Paragraph segmentation
When you open a file in Studio, the software breaks the file into paragraphs using rules given in the file type settings. Each file type has different rules for delimiting paragraphs. For example in simple delimited text files, the new line character introduces a paragraph break, but in HTML files, tags such as <p> introduce paragraphs, and a new line character is a whitespace character equivalent to a space. For file types that use tags (for example HTML and XML), you can specify that a tag is a 'structure' tag to indicate that it delimits paragraphs.
Sentence segmentation
Segmentation rules are properties of the TM (under language resources). You can specify paragraph-based segmentation, in which case Studio does no further segmentation. However, usually you specify sentence-based segmentation, in which case the software uses the segmentation rules to divide the paragraphs into segments.
The segmentation rules are regular expressions that recognize patterns of characters that mark the end of sentences. Example: a period followed by whitespace usually marks the end of a sentence.

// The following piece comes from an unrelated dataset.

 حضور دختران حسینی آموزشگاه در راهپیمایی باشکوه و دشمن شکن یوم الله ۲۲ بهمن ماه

When the software is segmenting a paragraph, it also takes into account the following settings:
- Whether abbreviations and ordinal followers are recognized. If they are recognized then some segments can contain periods. (This recognition is a property of the TM language resources.)
- Segmentation hints. A segmentation hint indicates whether the software should treat the tag as an indication of a segment break ('exclude') or include the tag in a segment ('include'). Segmentation hints are a file type setting for a tag.

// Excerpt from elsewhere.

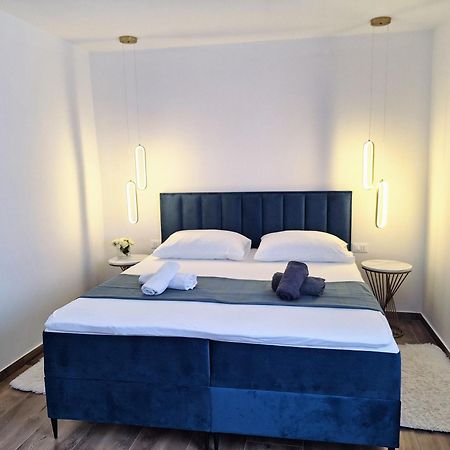 Apartments Katarina Zaboric Bagian luar foto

The segments produced by the sentence segmentation are the ones that the translator will see in the editor. The software compares each segment against the translation units in the TMs to see if there is a match.
Tokenization
Tokenization is a stage after segmentation. The software breaks a segment into tokens when it is about to search for a match for the segment. In the TM text is stored as tokens.
The TM settings determine what constitutes a token. For example if the TM treats dates as a recognized token, 12 January 1900 is treated as one token, but if dates are not recognized, it is treated as three tokens: 12, January and 1900.
Where a segment of presented text contains recognized tokens, a TM can find a match based on a pattern rather than exact wording. For example, if dates are recognized as tokens, the following segments will be treated as identical:
He arrived on 1 January 1900
He arrived on 2 February 2012
Although the TM settings specify which text patterns are tokenized, the way in which the translation editor handles tokens - for example whether it automatically localizes dates - depends on the project settings, not the TM settings.